Шесть дней

22
18
20
22
24
26
28
30

В министерстве, куда Григорьева перевели уже с поста директора завода, главной его заботой стало расширение производства, перспективные вопросы развития металлургии и выполнение плана заводами страны. И это в глазах недоброжелателей как бы подтверждало его «практицизм», нежелание заниматься наукой. А он не отступал от своего, не щадил самолюбия тех, от кого не видел прока для науки и производства. На широком совещании по обсуждению проектного задания доменной печи увеличенного объема на уральском, логиновском, заводе, которое он вел, он спокойно, не вмешиваясь в дискуссию, выслушал две спорящие стороны. После пылких речей, в которых доказывались совершенно противоположные точки зрения, Григорьев дождался тишины в зале и сказал: «Нам остается только одно: сложить то и другое и разделить пополам…» Речь шла о количестве фурм — приборов, через которые вдувается в печь раскаленный воздух. Возмущение, вспыхнувшее было в зале, скоро угасло, оказалось, что среднее арифметическое в точности совпадало с предложенным проектировщиками вариантом. Исход долгих и шумных споров был столь неожиданным, что никто не попытался возразить. А он оглядел зал и со слабой улыбкой сказал: «Ну что же, наука на этот раз, кажется, оказалась на высоте…» И совершенно непонятно было: ирония ли это или признание справедливости варианта проектировщиков. И этого замечания ему не простила ни та, ни другая из споривших сторон…

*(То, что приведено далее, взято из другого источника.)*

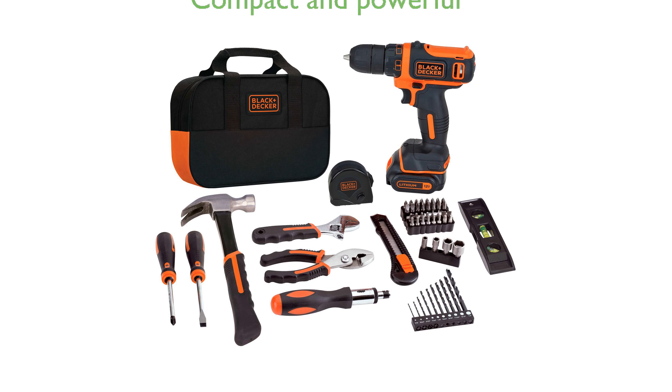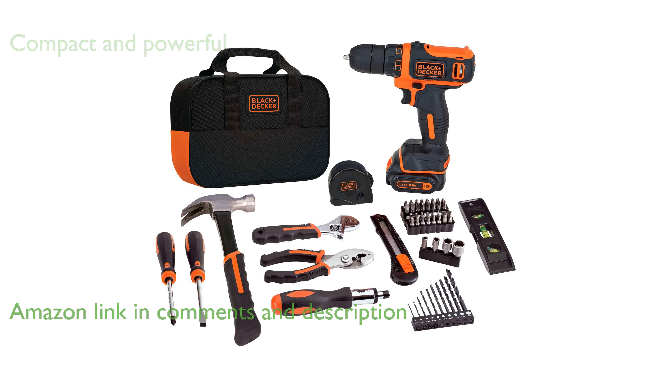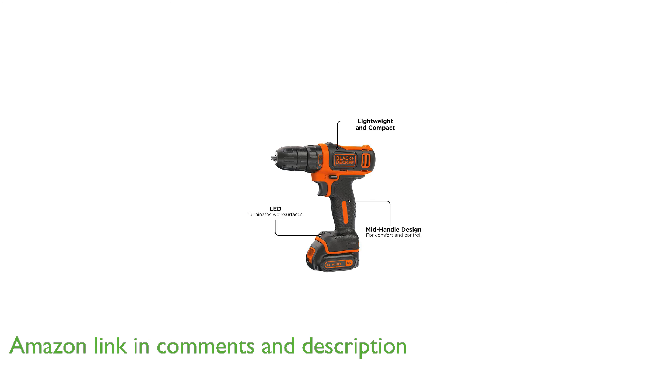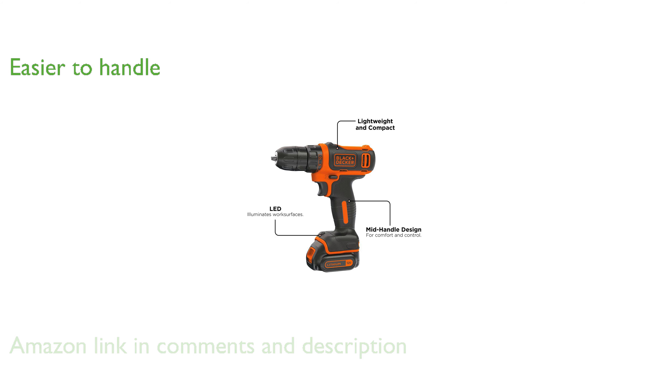The Black+Decker 12-Volt Max Drill and Home Toolkit includes a compact and powerful 12-volt lithium drill driver that is ideal for various DIY projects and household tasks. This drill is 35% more compact than its predecessor, making it easier to handle and store.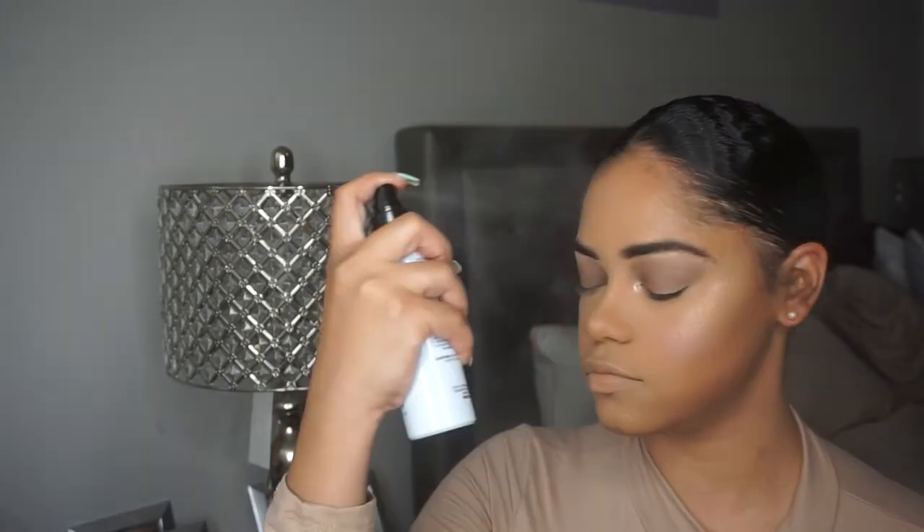I'm going back in with that highlighter brush to fix anything, then taking that Cover Effects Dewy Finish Setting Spray and spraying again. This really helps keep the dew — even when I have a full matte face and use a dewy setting spray, specifically the Cover Effects one, it just makes me look dewy even though I did matte. It's the best thing.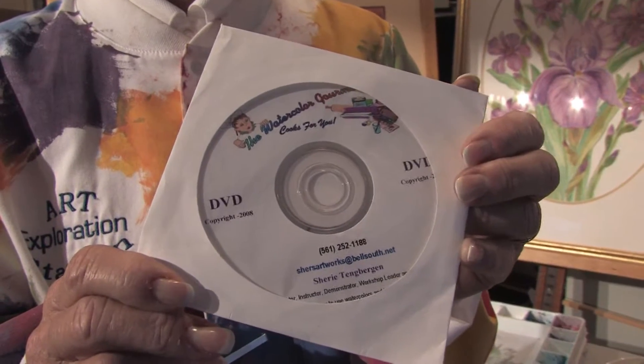Hello, my name is Sherry Tangbergen and I'm the author of the DVD, The Watercolor Gourmet Cooks For You. In this clip, I'm going to show you how to make a paint by number.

Но все это теперь позади. Строительство новой домны на логиновском заводе того гляди начнется, и это сейчас, в обстановке аварийной ситуации, особенно благотворно повлияет на людей.

Да, причины аварии могут оказаться значительно важнее самой аварии, вернулся он к мысли, возникшей у него в начало полета. Чем они, эти причины, грозят в будущем? Ответ на этот вопрос — главная цель его поездки на завод, хотя даже работающие с ним люди вряд ли догадываются о его планах. Надо ознакомиться с положением дел на заводе, где он давно не был, и потом выработать план действий, который может оказаться шире, чем монтаж одной, хотя и мощной печи…

Но ближайшая задача все же уточнить, сможет ли завод после выхода из строя шестой домны дать обещанный Логиновым миллион? Так или иначе надо и морально, и по существу помочь заводскому коллективу встать на ноги. Важно создать перспективу дальнейшего развития завода, и вот в этом-то особую роль должно сыграть начало строительства новой мощной печи.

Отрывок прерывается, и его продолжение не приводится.